Beneath this line sits some data. Return only its lines from the one holding "2 Bedroom House" through the one holding "Cottage 2 photo 6", inclusive, exactly, with the images removed.

(Short text fragments from websites)
· · · · ·

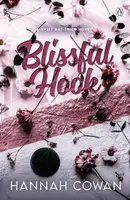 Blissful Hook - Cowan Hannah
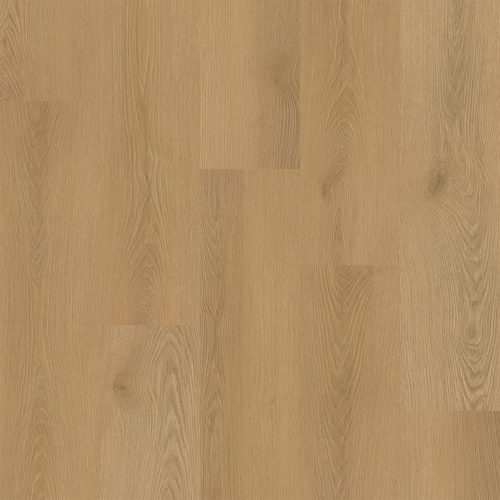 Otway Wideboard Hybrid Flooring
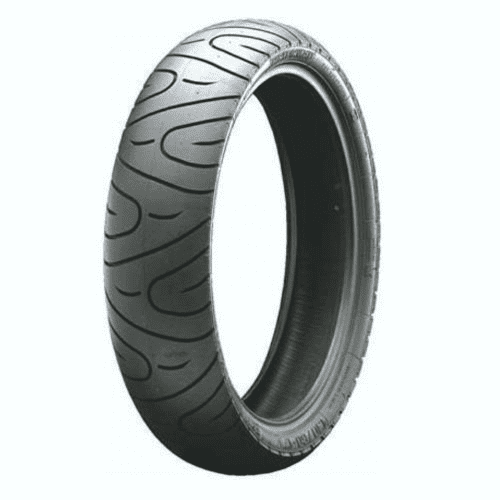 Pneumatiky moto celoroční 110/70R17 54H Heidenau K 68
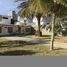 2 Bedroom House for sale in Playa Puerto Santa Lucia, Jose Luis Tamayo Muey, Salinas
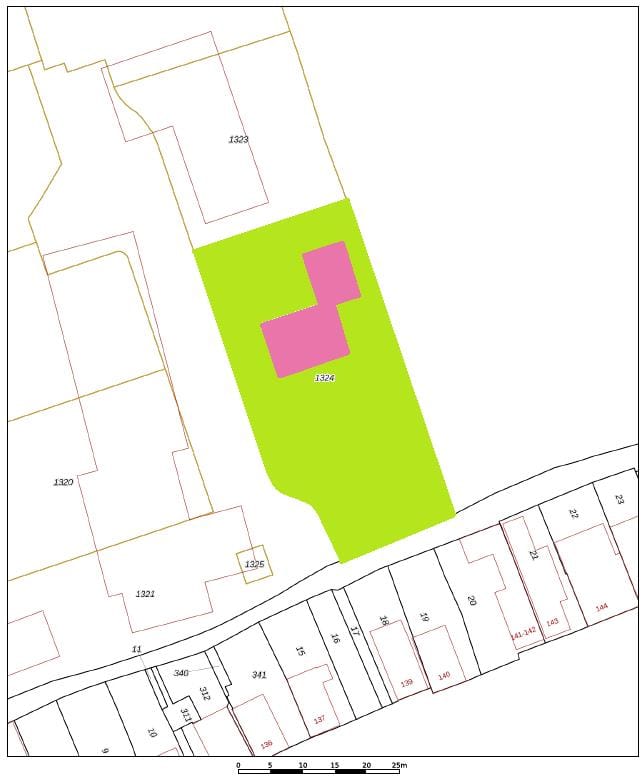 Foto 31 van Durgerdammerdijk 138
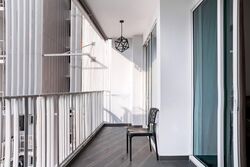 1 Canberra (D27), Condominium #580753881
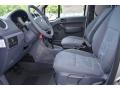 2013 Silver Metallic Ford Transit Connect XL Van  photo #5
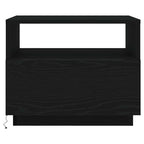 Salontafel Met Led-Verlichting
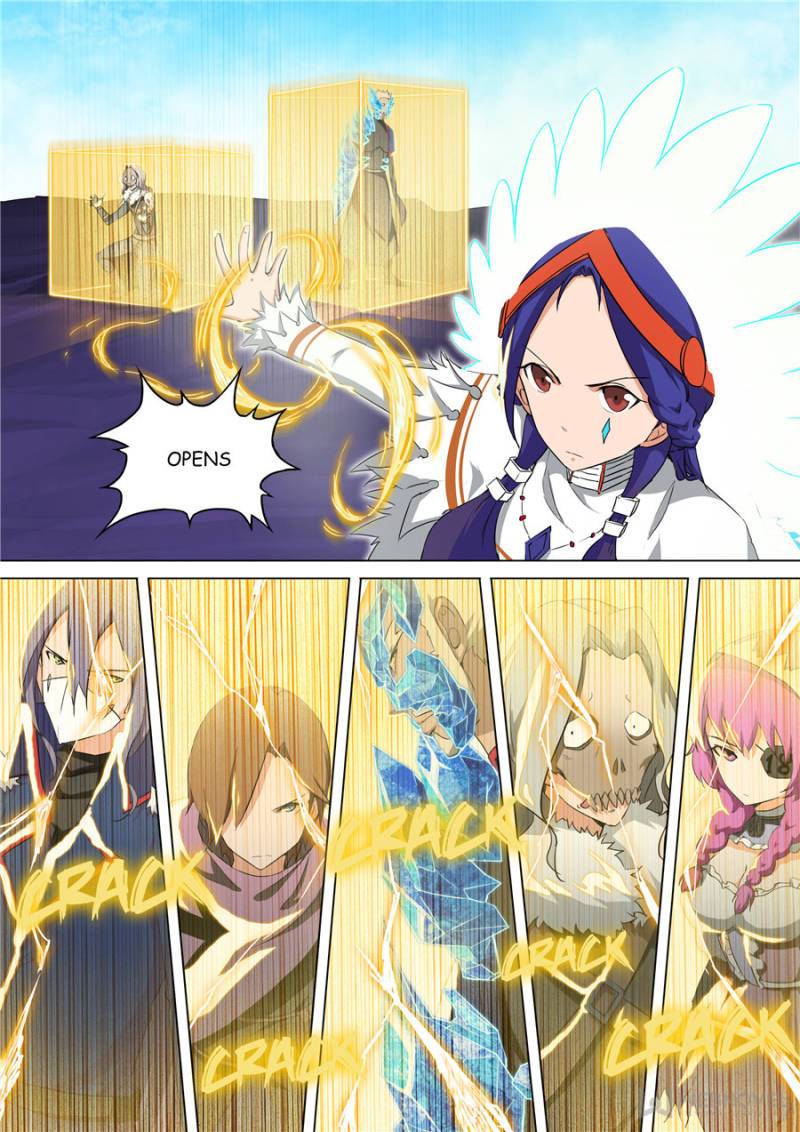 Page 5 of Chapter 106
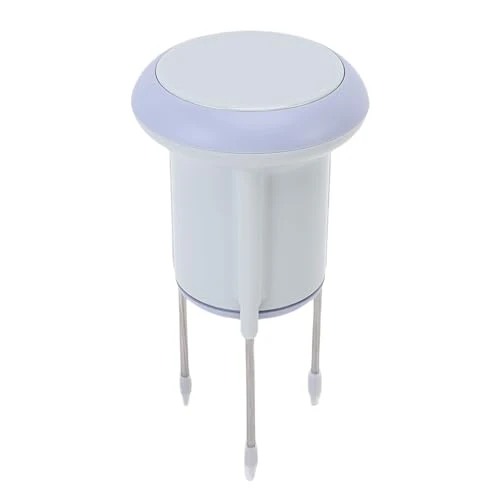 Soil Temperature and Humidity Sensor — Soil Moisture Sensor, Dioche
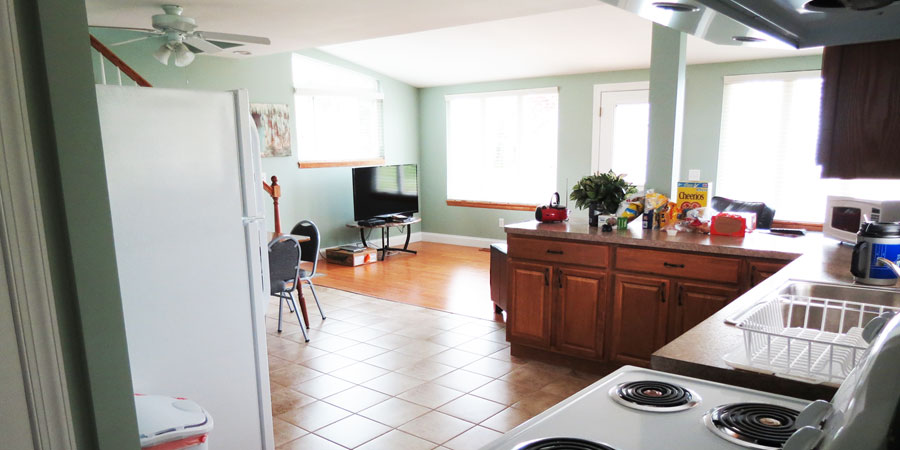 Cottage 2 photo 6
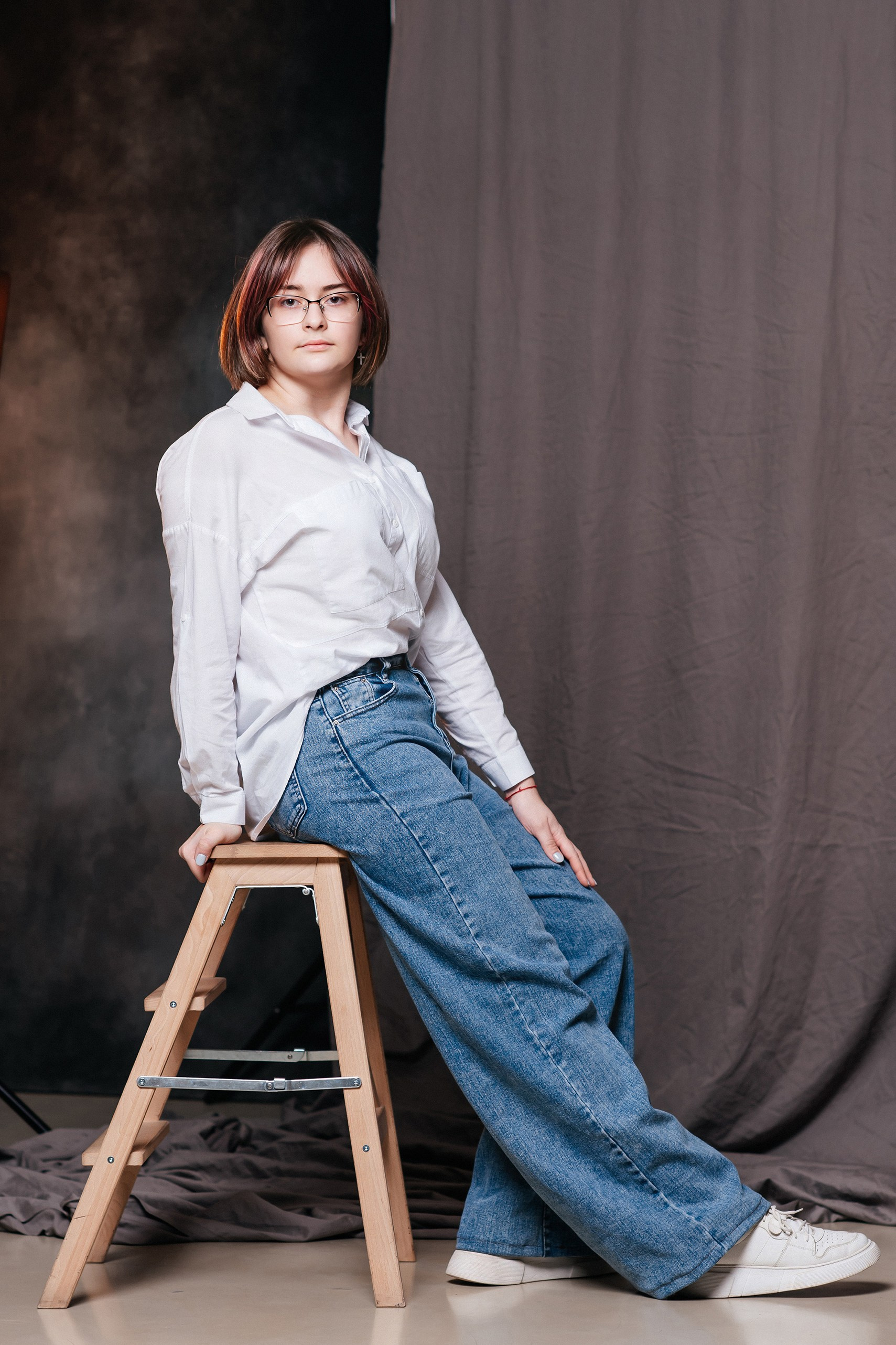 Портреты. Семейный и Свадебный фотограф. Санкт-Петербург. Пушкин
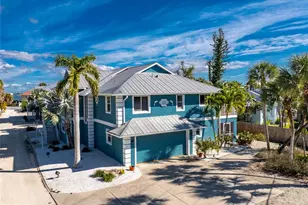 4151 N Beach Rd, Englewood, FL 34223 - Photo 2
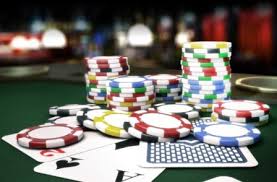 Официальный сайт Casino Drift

· · · · ·

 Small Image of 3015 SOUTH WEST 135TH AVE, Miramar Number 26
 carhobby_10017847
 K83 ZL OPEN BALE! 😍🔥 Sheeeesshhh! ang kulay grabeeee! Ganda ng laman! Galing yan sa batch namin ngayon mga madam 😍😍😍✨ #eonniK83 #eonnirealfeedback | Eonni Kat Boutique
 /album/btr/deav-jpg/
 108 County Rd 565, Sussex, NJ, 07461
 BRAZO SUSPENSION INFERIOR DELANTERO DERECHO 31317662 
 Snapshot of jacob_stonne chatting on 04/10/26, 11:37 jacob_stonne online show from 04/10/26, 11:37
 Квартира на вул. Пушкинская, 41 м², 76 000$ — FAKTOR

· · · · ·

[Answer to this problem]
 2 Bedroom House for sale in Playa Puerto Santa Lucia, Jose Luis Tamayo Muey, Salinas
 Foto 31 van Durgerdammerdijk 138
 1 Canberra (D27), Condominium #580753881
 2013 Silver Metallic Ford Transit Connect XL Van  photo #5
 Salontafel Met Led-Verlichting
 Page 5 of Chapter 106
 Soil Temperature and Humidity Sensor — Soil Moisture Sensor, Dioche
 Cottage 2 photo 6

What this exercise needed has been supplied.